*Exercise objective:* In the material below, find the line with "Pallet of Appliance Parts" and the line with "Lucky Luke 12", then output those two lines and every line between them, exactly.

*Exercise data:*
────

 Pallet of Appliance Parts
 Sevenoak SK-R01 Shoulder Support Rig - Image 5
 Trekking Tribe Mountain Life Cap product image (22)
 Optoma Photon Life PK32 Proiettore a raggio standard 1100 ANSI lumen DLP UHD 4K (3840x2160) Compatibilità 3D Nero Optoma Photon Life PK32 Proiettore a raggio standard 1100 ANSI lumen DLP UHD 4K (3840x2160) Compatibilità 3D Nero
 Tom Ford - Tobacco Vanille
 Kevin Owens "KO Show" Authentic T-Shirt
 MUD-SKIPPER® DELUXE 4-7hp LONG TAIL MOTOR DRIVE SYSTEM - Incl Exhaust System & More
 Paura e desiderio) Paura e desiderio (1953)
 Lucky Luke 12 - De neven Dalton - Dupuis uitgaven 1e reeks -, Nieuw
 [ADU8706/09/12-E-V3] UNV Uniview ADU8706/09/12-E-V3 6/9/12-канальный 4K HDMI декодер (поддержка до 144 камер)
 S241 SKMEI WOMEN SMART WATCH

────

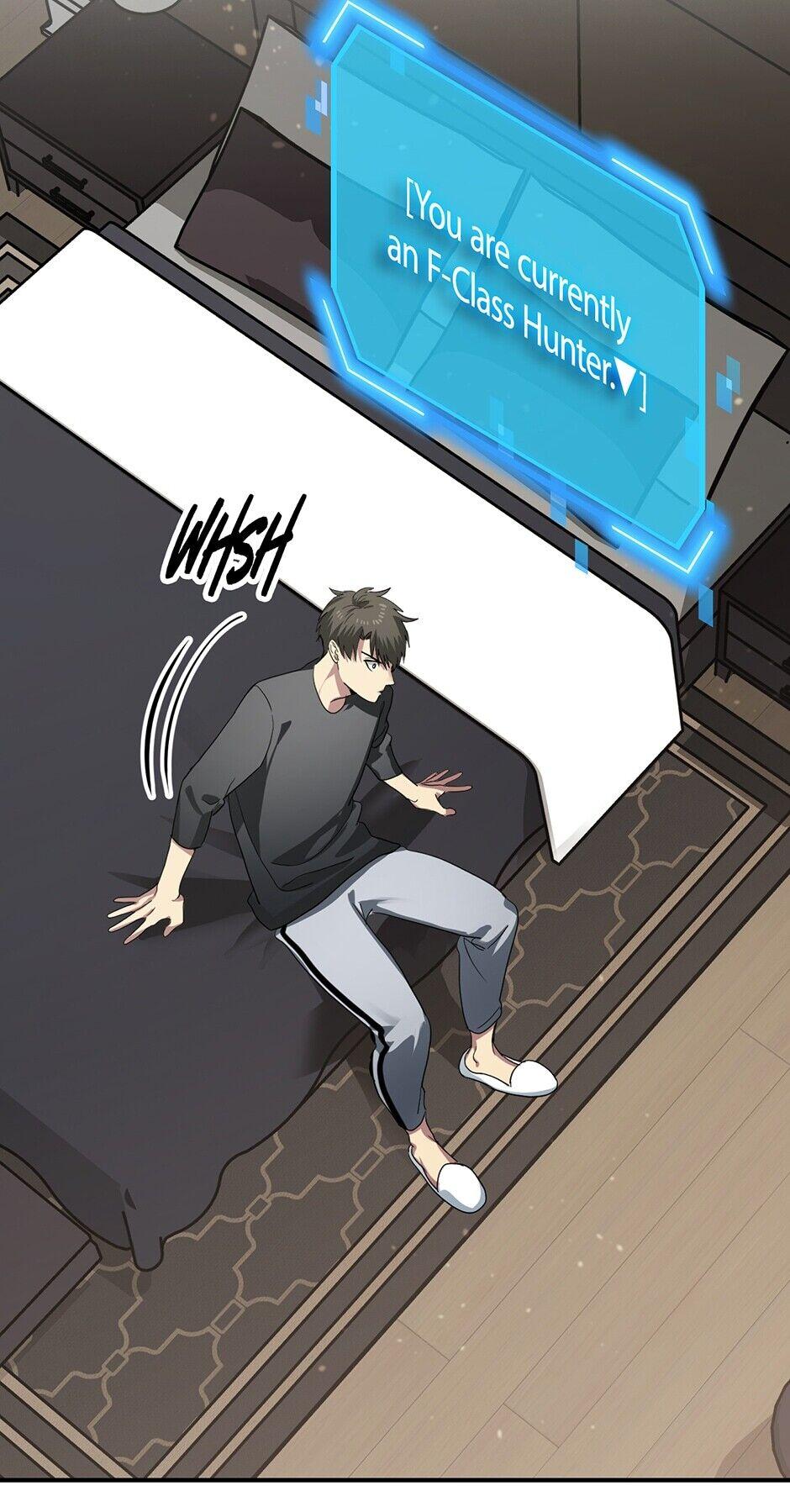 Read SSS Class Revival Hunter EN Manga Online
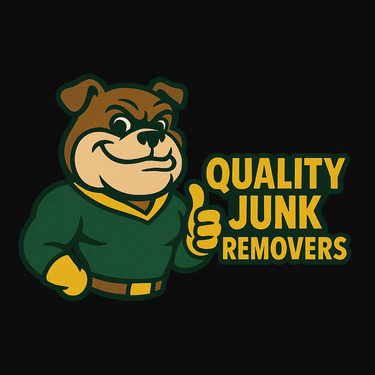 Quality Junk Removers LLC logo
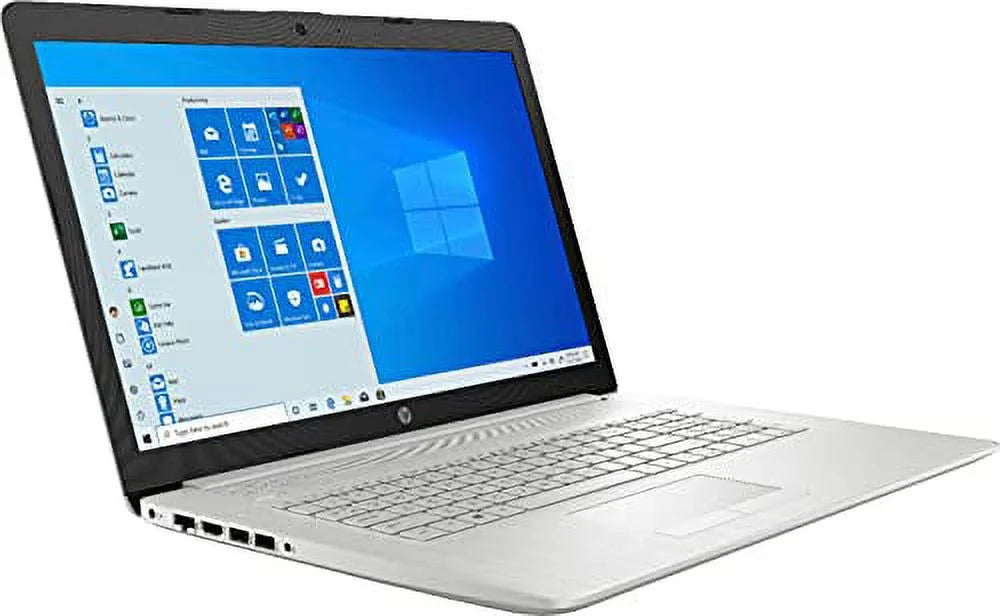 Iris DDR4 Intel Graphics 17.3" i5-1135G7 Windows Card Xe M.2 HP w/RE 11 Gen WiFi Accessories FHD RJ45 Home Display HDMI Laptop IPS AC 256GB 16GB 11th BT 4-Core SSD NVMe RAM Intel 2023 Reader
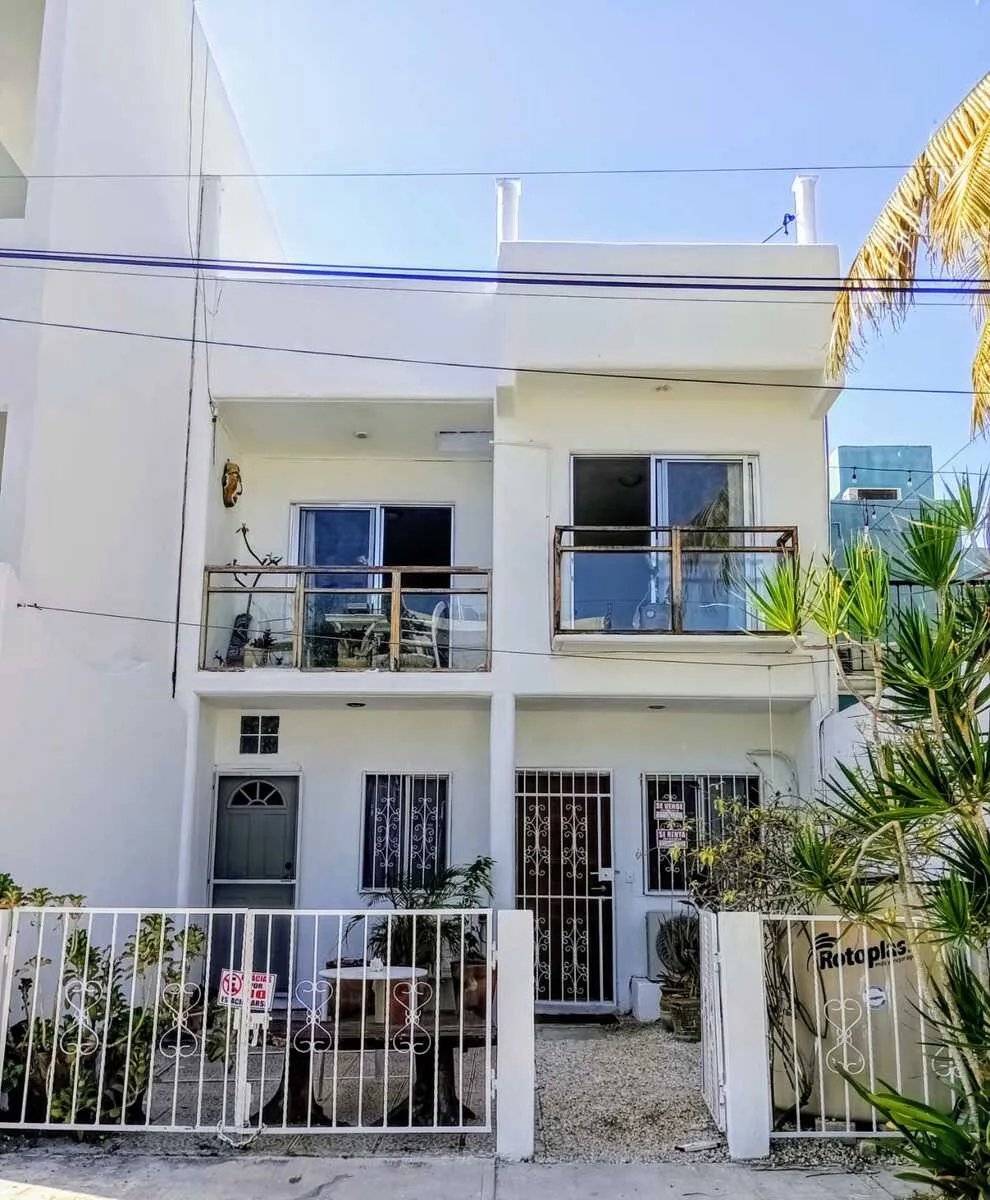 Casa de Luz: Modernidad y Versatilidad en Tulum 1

────

*Completed exercise:*
 Pallet of Appliance Parts
 Sevenoak SK-R01 Shoulder Support Rig - Image 5
 Trekking Tribe Mountain Life Cap product image (22)
 Optoma Photon Life PK32 Proiettore a raggio standard 1100 ANSI lumen DLP UHD 4K (3840x2160) Compatibilità 3D Nero Optoma Photon Life PK32 Proiettore a raggio standard 1100 ANSI lumen DLP UHD 4K (3840x2160) Compatibilità 3D Nero
 Tom Ford - Tobacco Vanille
 Kevin Owens "KO Show" Authentic T-Shirt
 MUD-SKIPPER® DELUXE 4-7hp LONG TAIL MOTOR DRIVE SYSTEM - Incl Exhaust System & More
 Paura e desiderio) Paura e desiderio (1953)
 Lucky Luke 12 - De neven Dalton - Dupuis uitgaven 1e reeks -, Nieuw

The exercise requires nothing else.